NEW YORK (TheStreet) -- As shakey as U.S. and European markets have been emerging markets have been shakier. Yet the latter may offer bargains for several world-leading companies.

The companies below have significant potential to grow largely because they are well-run and in sectors and regions where demand is solid -- or better. Their industries also offer staples that are unlikely to tail off soon. Singapore Telecommunications (SGAPY) , provides multimedia and telecom services in Singapore and Australia, whose economies are on sound footing. HDFC Bank (HDB - Get Report)  is India's second largest private sector bank, and Brazil's Vale  (VALE - Get Report) is the world's largest producer of iron ore and pellets. 

None of these companies were part of the 29 Most Dangerous Stocks list for September (you can grab a free copy by clicking here). 

Singapore Telecommunications shares currently sport a yield of 5.8% and a prospective P/E of 16. With a solid balance sheet and a decent return on equity, the company offers a low-risk way of investing in high-tech development in two of the world's most attractive economies.

Currently trading around $27 a share, it's down from its 52-week high of around $34. As Singapore's economy continues to prosper, this telecom provider will likely expand.

HDFC Bank has strong positions in corporate, treasury and retail banking segments.

Bank of America Merrill Lynch reported that India is on pace to overtake Brazil this year as the world's second-largest emerging market following China. Its trajectory could move it past the developed countries of France in 2017 and the UK in 2019. It is the fastest growing emerging market among BRIC countries.

HDFC Bank's corporate asset quality is robust, and it has 100% coverage for problem assets, the highest rate among its peers. And a Tier 1 ratio of 10.6% provides sufficient capital to sustain growth for many years. The bank's portfolio comprises 60% retail loans and 40% corporate loans.

HDFC Bank's retail loans were traditionally concentrated in the non-mortgage space. But it has started buying mortgages from HDFC with the expectation that home loans will account for an increasing portion of its profits. The bank, one of the best-run in India, offers good exposure to the country's long-term growth.

Analysts expect its revenues to jump from $6.1 billion for its current fiscal year (ending next March), to $7.3 billion the next year.
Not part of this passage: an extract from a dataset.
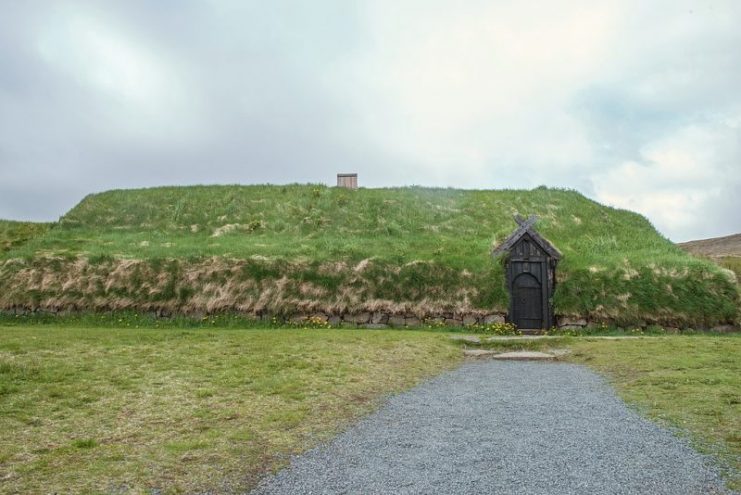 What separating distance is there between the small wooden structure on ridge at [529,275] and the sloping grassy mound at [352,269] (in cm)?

Metals and mining company Vale is also the world's second-largest producer of nickel, and one of the leading producers of manganese and alloys. It also provides coal, copper, bauxite and aluminum.

The iron ore sector should perform well for years to come. Demand from emerging economies remains robust, while supply remains tight because the recession forced the postponement or cancellation of a number of new projects. Also, Vale has been gaining over upstart Indian producers because it offers a higher-quality iron that buyers favor.

The company's share price has suffered in recent months along with the general downturn in commodity prices, and it fell further when Standard & Poor's downgraded Brazil's bond rating to junk status. The price is now near the bottom of its 52-week range ($5 a share, versus a 52-week high of $12.45) , even though its fundamentals remain solid. It may be the riskiest of these three investments, but also the one that offers the biggest potential return.

This article is commentary by an independent contributor. At the time of publication, the author held no positions in the stocks mentioned.